Recommendation: Either (a) add a compact FoCUS characterisation (Sec. 4.7): scan λ over ~10⁻⁴–1, report the update size ‖s_FoCUS−s_ILC‖/‖s_ILC‖ and changes in r/RMS/D_ST/KS/tails, and try at least one alternative residual choice (e.g., combining Δ90,217 and Δ150,217 or another pair motivated by CIB/tSZ contrast); or (b) explicitly reframe FoCUS as an exploratory proof-of-concept/negative result, shorten Sec. 3.4 accordingly, and tone down claims in Sec. 1 and Sec. 6 to match the demonstrated utility.
-
The ST anomaly diagnostic is highlighted as a key contribution (Sec. 3.5, Fig. 3, Sec. 6), but it is currently qualitative and partially supervised (learned direction \hat d from training tiles). Its practical meaning, calibration, and robustness to noise/beam changes are not quantified, making it hard to evaluate beyond visualisation.

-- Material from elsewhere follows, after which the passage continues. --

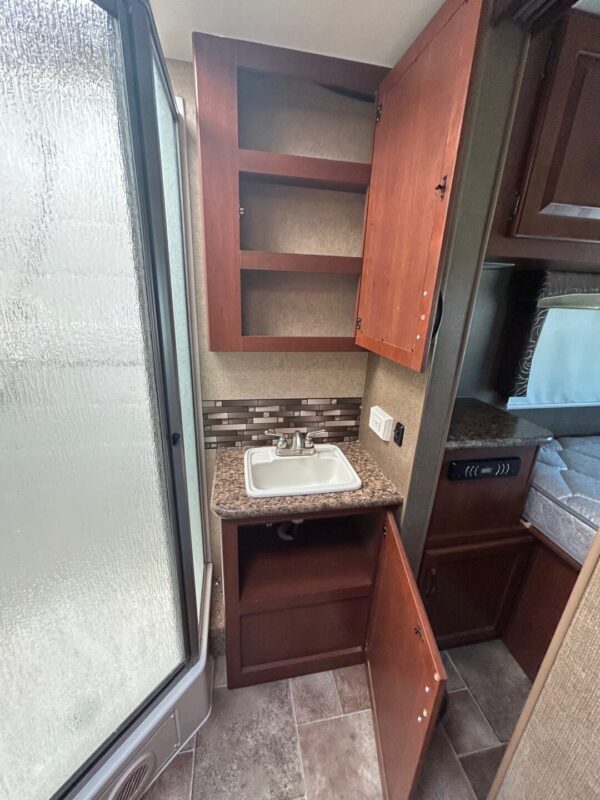2015 Thor Chateau 31E - Image 60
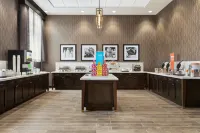 Hampton Inn & Suites Kansas City Downtown Crossroads - breakfast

Recommendation: Add a quantitative evaluation in Sec. 5.3 or Appendix: define ground-truth “cluster” masks (halo catalogue or truth |y| thresholds) and compute ROC/PR curves and AUC for anomaly-score detection of cluster regions, comparing anomaly maps derived from ILC vs STsep outputs. Clarify whether the diagnostic uses the same training/priors as STsep and discuss any circularity. If such analysis is infeasible, explicitly downgrade claims in Sec. 3.5 and Sec. 6 to describe the diagnostic as exploratory/qualitative and defer calibration to future work.
-
Several implementation and reproducibility details remain implicit (ST configuration, contamination ensemble construction/batching, spectra details), which may prevent independent re-implementation without access to code (Sec. 2.2–2.3, 3.1–3.3, 4.1).
Recommendation: Add an “implementation checklist” (Appendix is fine) specifying: the full ST/ScatCov configuration (orders S1–S4 used, scales/orientations, any orientation averaging, normalisation/self-normalisation); which coefficients enter Φ in Eq. (11) vs FoCUS Eq. (13) vs D_ST; contamination ensemble selection and normalisation across frequencies (including whether noise is added and how); batching over N_ens during optimisation (batch size, whether ensemble moments are recomputed per step); details of map apodisation/pixel window in power spectra; and explicit ℓ-bin edges/centres for “24 log-spaced bins over 500≤ℓ≤6000.” If code will be released, provide a repository URL and version/commit; otherwise provide enough detail to replicate results.